I'm not knocking Microsoft, but my very short real-life experience with the iMac has demonstrated life is much simpler, less complex and more secure with the Mac. (If you have never burned a CD on a Mac or searched for a file, you don't really know how easy it can be. Oh my goodness.)

I feel about my iMac how I felt when I bought my Outback: why did I wait so long!


----------



## California Jim (Dec 11, 2003)

N7OQ said:


> but to slam Windows at the same time is just wrong.


I disagree. It's simply accurate.

Windoze has more baggage than a 747, and it will take time to unload that baggage. For the majority of the world we can hope that their new Vista OS will be a marked improvement as was/is XP for the most part.

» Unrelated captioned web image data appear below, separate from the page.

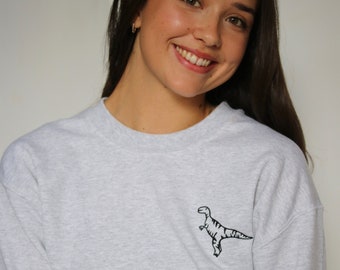 Embroidered Dinosaur Unisex Sweater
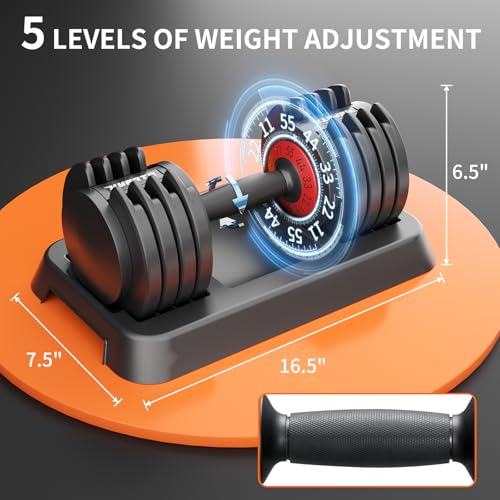 HYPATA 25/55 lbs Pair Adjustable Dumbbell Set, Adjust Dumbbell Weight for Exercises Pair Dumbbells for Men and Women in Home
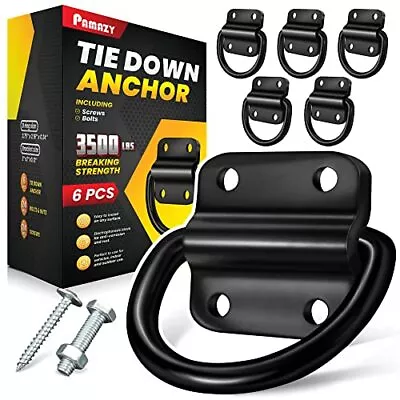 6PCS Heavy Duty Steel D Rings Tie Down Anchors Ultra Durable 3500 Pound Break • $27.76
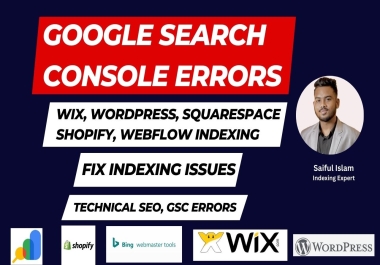 fix google search console errors, wordpress,  wix shopify SEO indexing issues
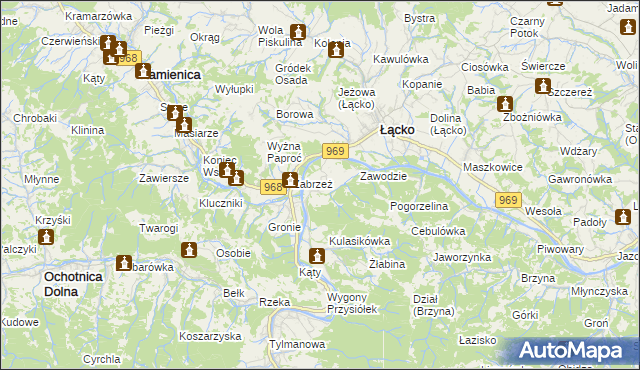 mapa Zarzecze gmina Łącko, Zarzecze gmina Łącko na mapie Targeo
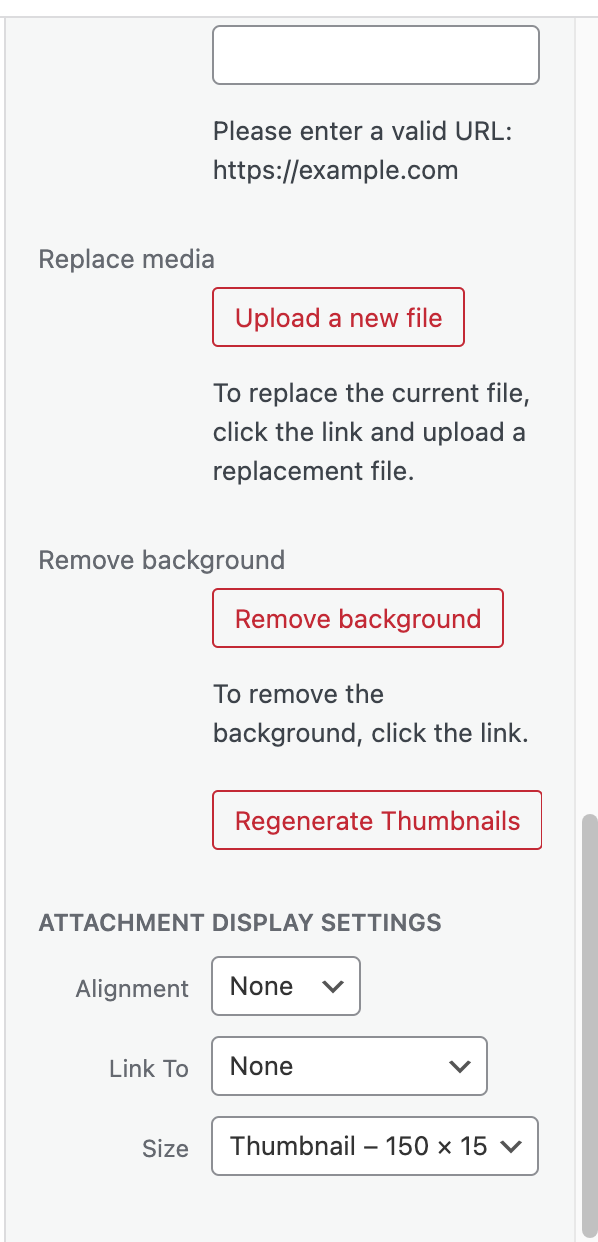 Image showing the Attachment Display Settings menu when adding media in Pressbooks.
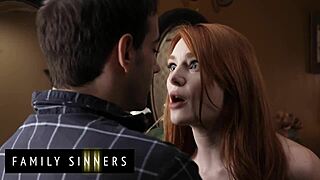 Lacy Lennon sucks stepbro's cock and begs for facial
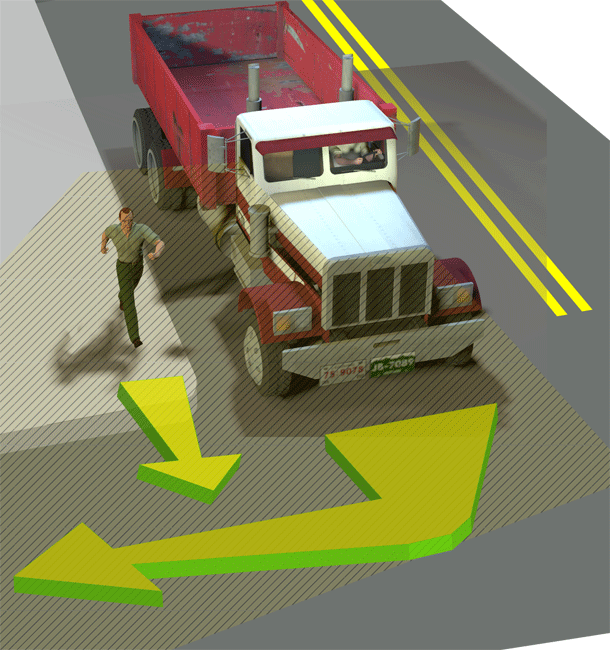 image showing the visibility from a big truck driver line of sight not being able to see the pedestrian on the sidewalk about to cross the street at an intersection.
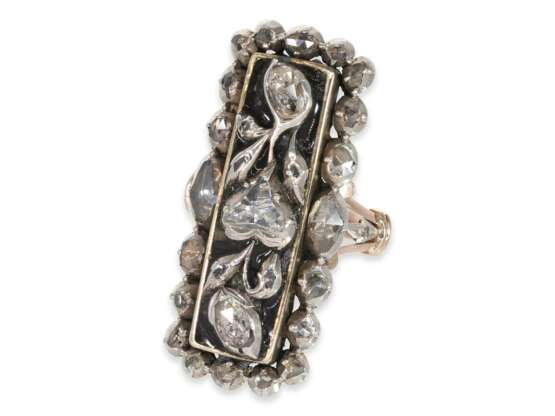 Ring: großer ungewöhnlicher antiker Ring mit floralem Motiv und Diamantrosenbesatz, 14K Gold/Silber - Foto 3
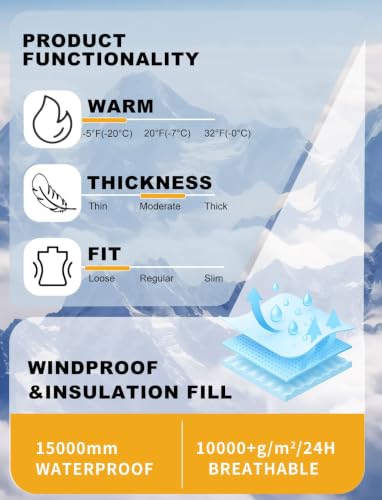 GSOU SNOW Men Women Snowboard Pants-Baggy Ski Snow Bibs | 15K Waterproof Overalls,Insulated Windproof Breathable,Detachable Shoulder Straps - color: Black, size: Small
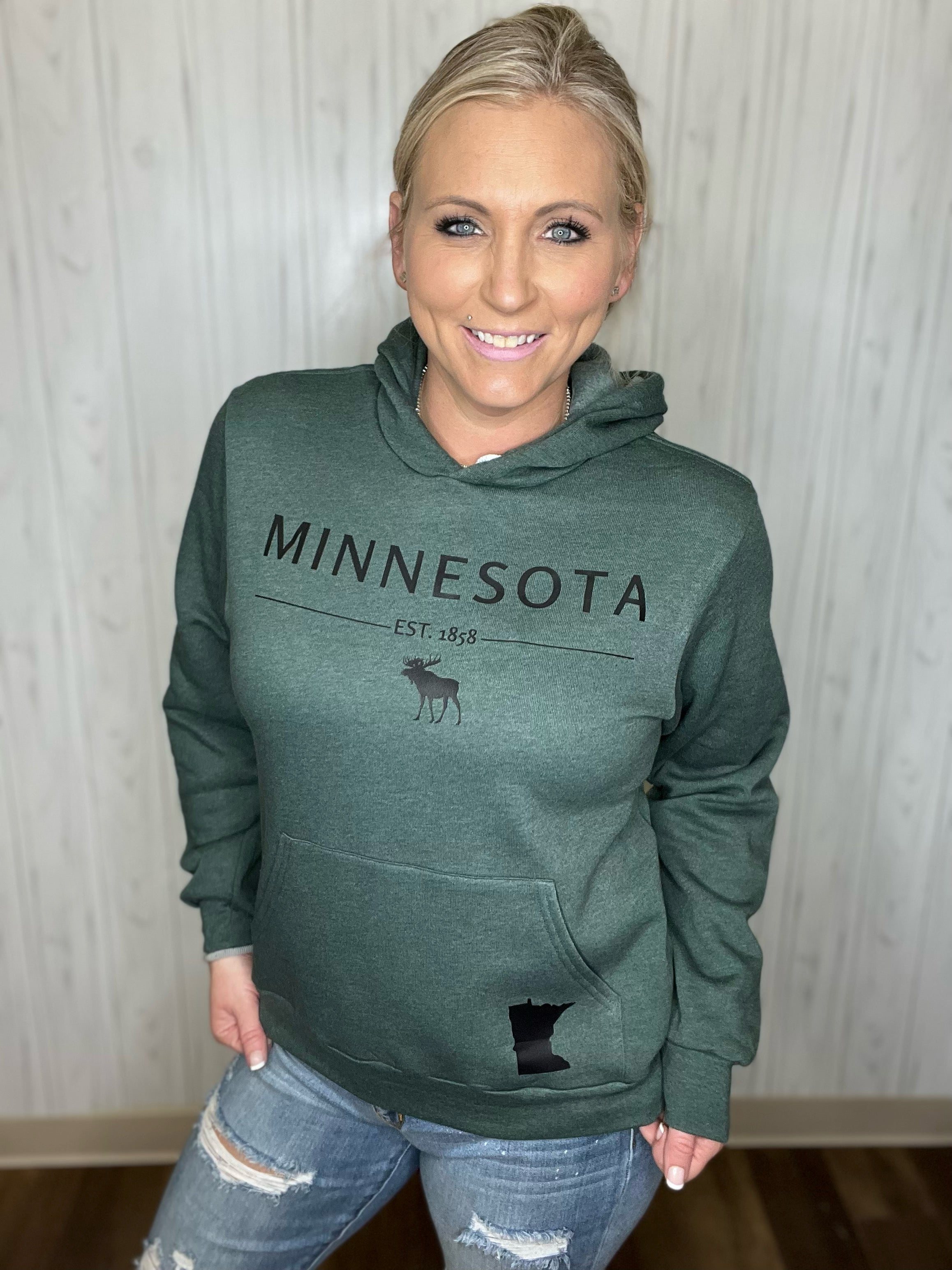 Minnesota 1858 Hoodie in Forest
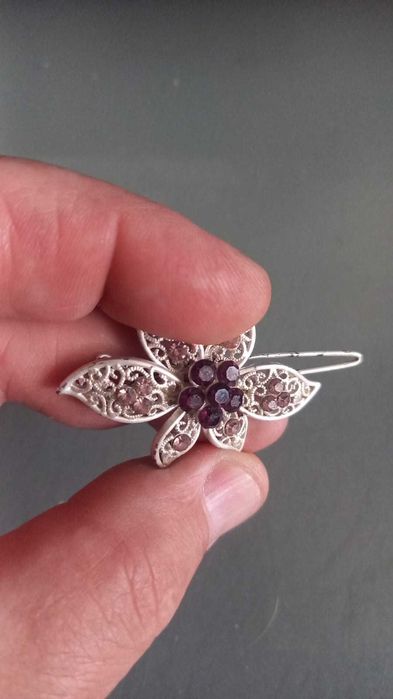 Spinka do włosów posrebrzana, darmowa wysyłka impost.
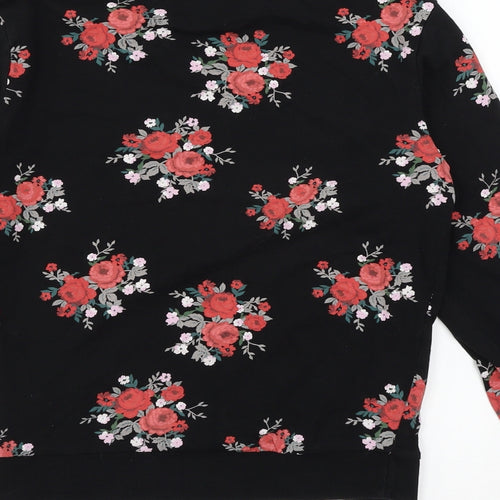 Divided by H&M Womens Black Floral Jersey Pullover Sweatshirt Size XS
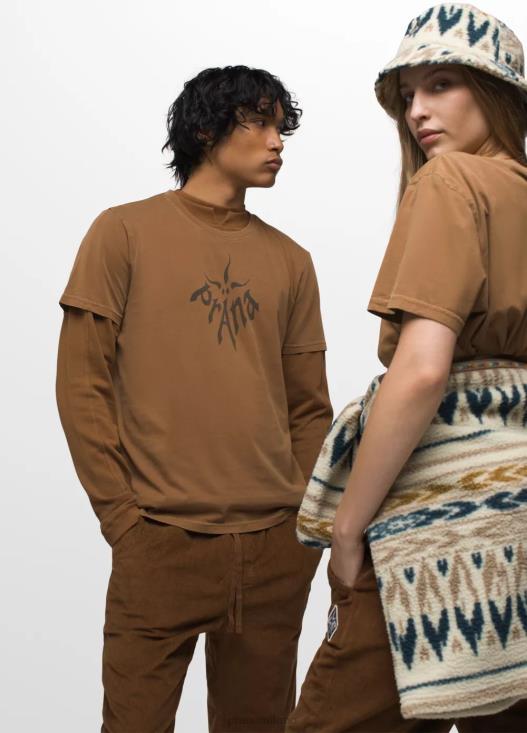 uomini T-shirt a maniche corte con grafica storica prAna seppia vestiario T6DPZ86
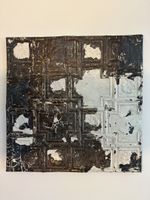 Antique NY painted ceiling tile, wall deco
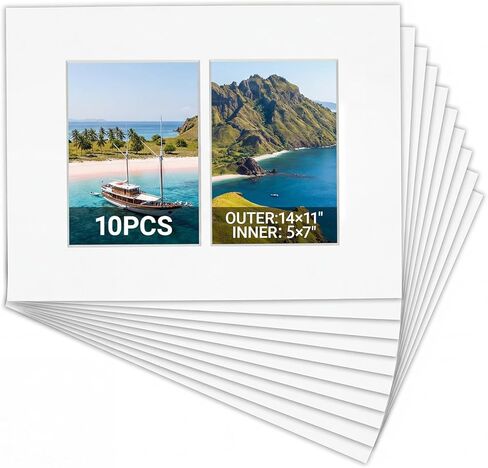 Maitys 10 Pack 11x14 Picture Mats, 5x7 Collage Frame Mattes, Displays Two 5x7 Inch Photos or 11x14, Bevel Cut Acid Free Mat Board for Wall Mounting Display and Vertical(2 Opening) in Kuwait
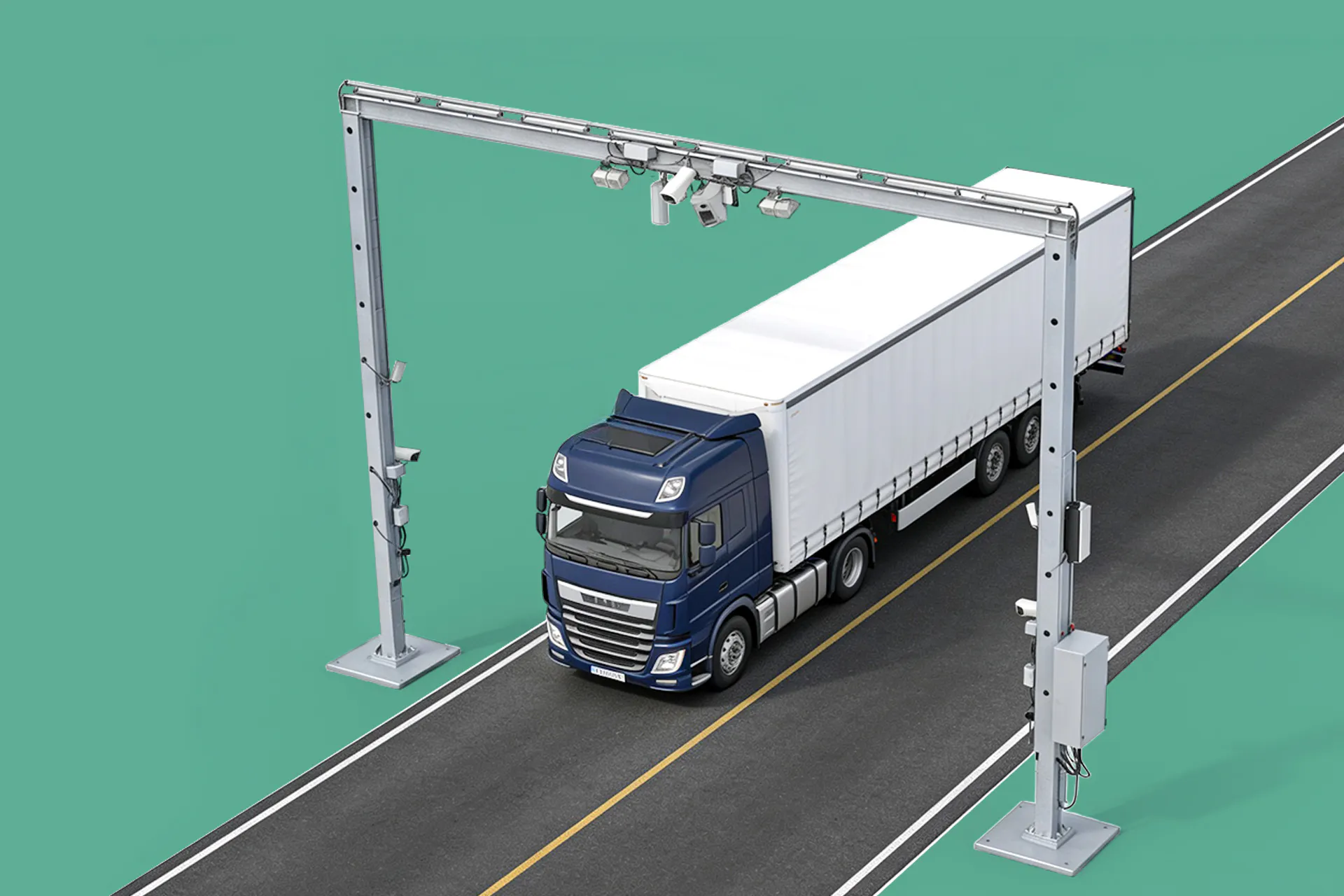 Truck-OCR von VITRONIC Roadgate zur automatischen Identifikation eines durchfahrenden LKW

No I'm not a Mac Head, and am still running (sometimes from) Windoze, often unhappily.


----------



## N7OQ (Jun 10, 2006)

It was brought to my attention that I over reacted to this thread, so I want to say sorry for being to sensitive to this subject. I have been in to many Mac vs PC fights in the past so I over reacted to this thread. If I were to win a Mac I doubt I would sell it on ebay until I at least played with it and who knows I might even convert too who knows.


----------



## Mgonzo2u (Aug 3, 2004)

N7OQ said:


> It was brought to my attention that I over reacted to this thread, so I want to say sorry for being to sensitive to this subject. I have been in to many Mac vs PC fights in the past so I over reacted to this thread. If I were to win a Mac I doubt I would sell it on ebay until I at least played with it and who knows I might even convert too who knows.


U pushover!

Have some backbone.










You know you would have pawned it just like you said you would.


----------



## Not Yet (Dec 13, 2004)

Love my two Macs and with the parallels software I can have a Win XP window open on the MAC desktop. I can move between the two OS without issue. If I need to log into the work network I do it from the Windows pane. Even files can be moved from one to the other. Simply great.

J-


----------